═════ Data section ═════

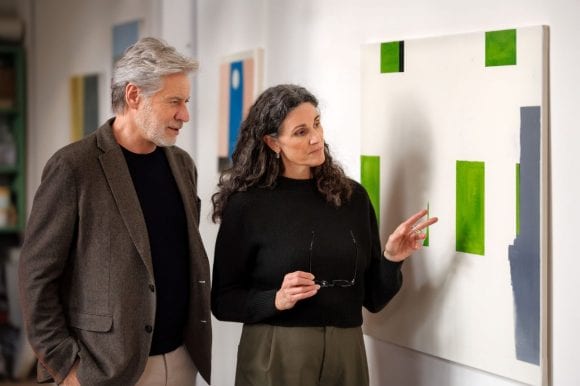 A man and a woman looking at an artwork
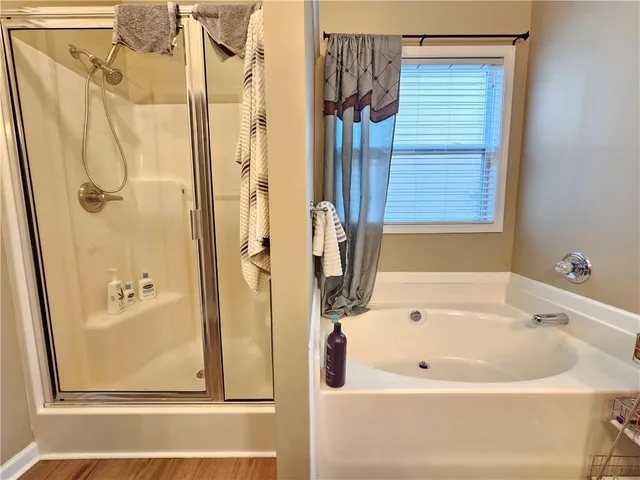a white bath tub sitting next to a shower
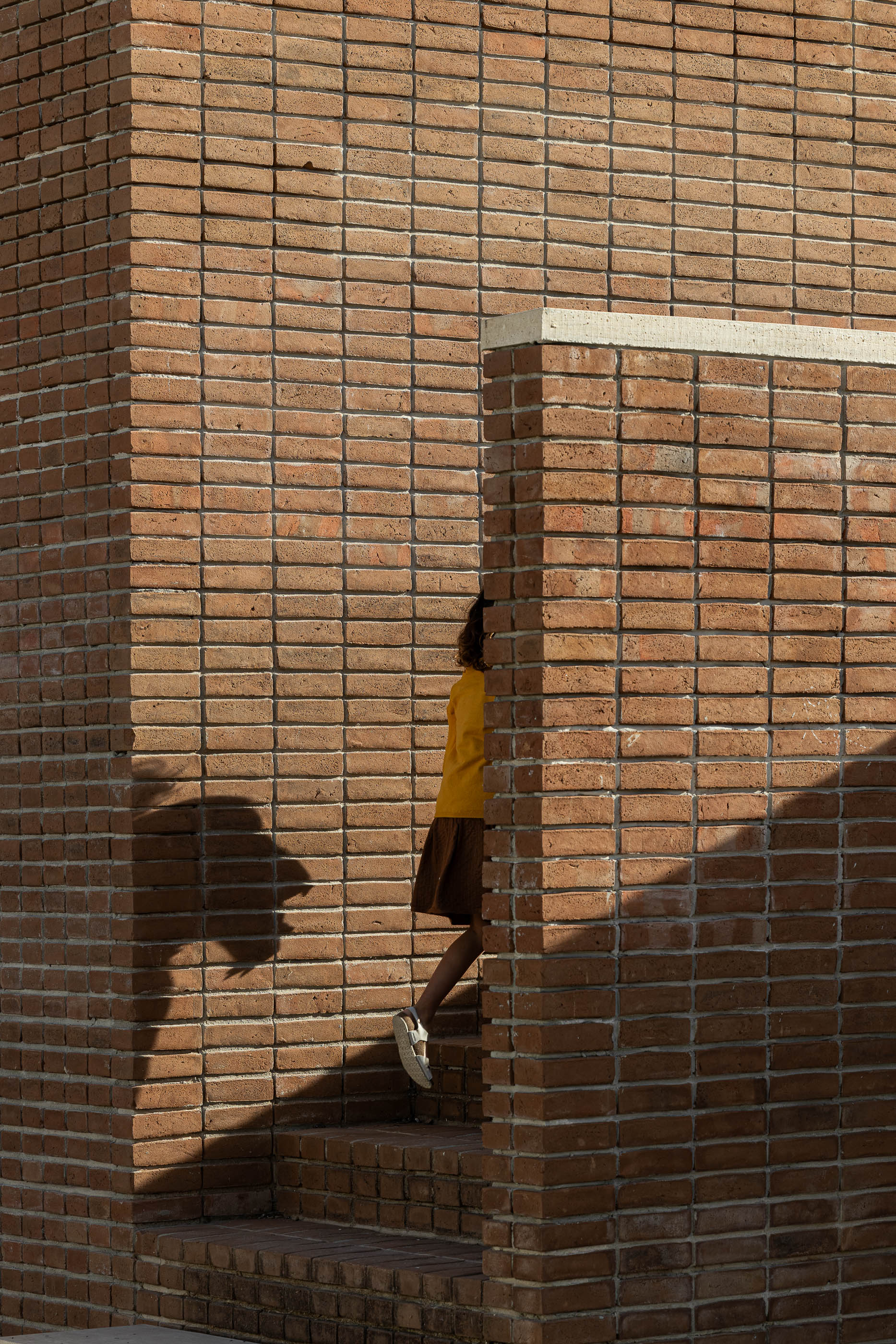 Escadaria exterior: Pessoa a subir escadas de tijolo, com paredes de tijolo adjacentes. — Olaria Municipal arquitetura ARDE Arquitetura+Design em Odemira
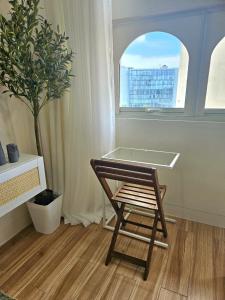 uma cadeira num quarto com uma janela e uma árvore em Mados Serene Condo with Southwoods Skyline View em Biñan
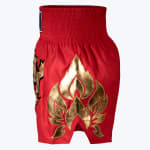 Side view of red satin Muay Thai shorts with a thick elastic waistband and a metallic gold flame design embroidered on the leg against a white background.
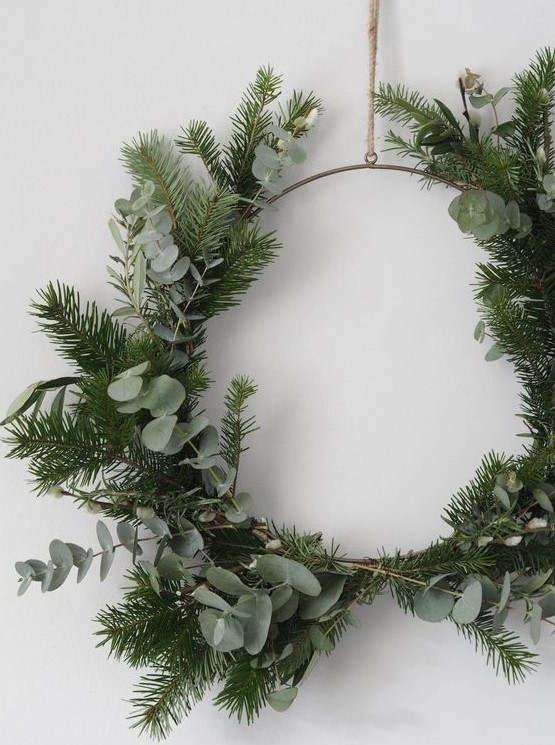 a simple and lovely Christmas wreath covered with evergreens and eucalyptus is a beautiful winter decor idea that will be actual after Christmas, too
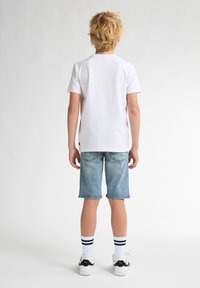 T-shirt bianca in cotone, pantaloni shorts in denim azzurro chiaro, sneakers bianco e nere e calzini a righe. Vista da dietro con i capelli disordinati.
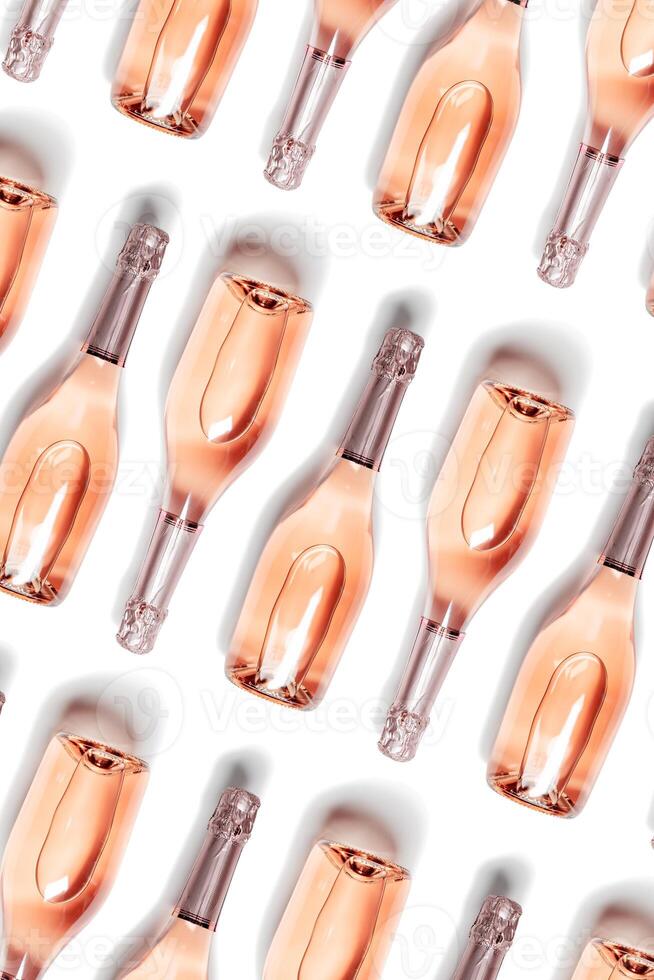Trend Aesthetic vertical pattern of bottles of rose sparkling wine, glass champagne bottles close up, isolated on white Romance festive drink concept. Summer alcohol drinks wine list photo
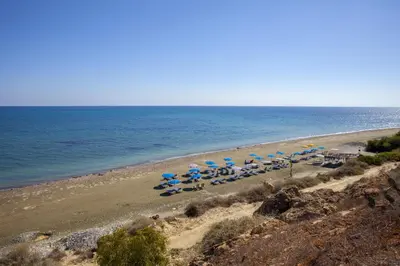 a beach with chairs and umbrellas and the ocean at Faros BeachFront Villa in Pervolia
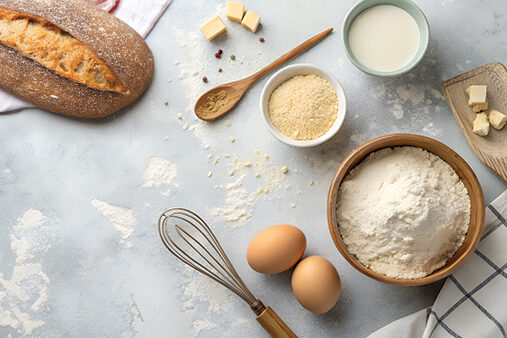 Fresh baking ingredients like flour, eggs, milk, and butter are neatly arranged on a dusty kitchen counter, ready for delicious homemade recipes. bakehouse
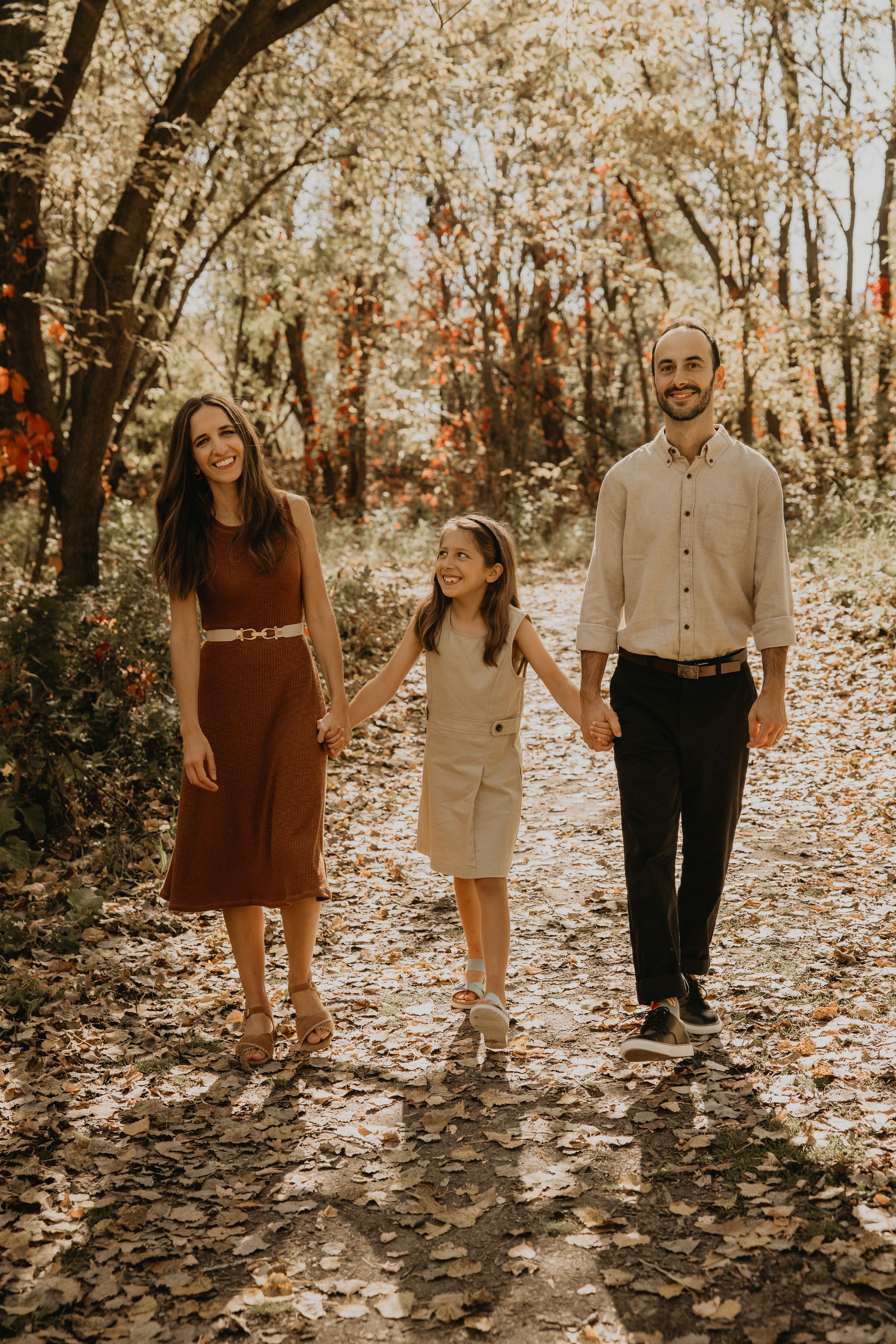Happy family of three walking hand-in-hand along a leaf-covered path in an autumn forest.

═════

*Work required*: Copy nothing but the lines from the start of the entries through the line with "Escadaria exterior: Pessoa". Write them out exactly, without pictures.

*Exercise solution*:
 A man and a woman looking at an artwork
a white bath tub sitting next to a shower
 Escadaria exterior: Pessoa a subir escadas de tijolo, com paredes de tijolo adjacentes. — Olaria Municipal arquitetura ARDE Arquitetura+Design em Odemira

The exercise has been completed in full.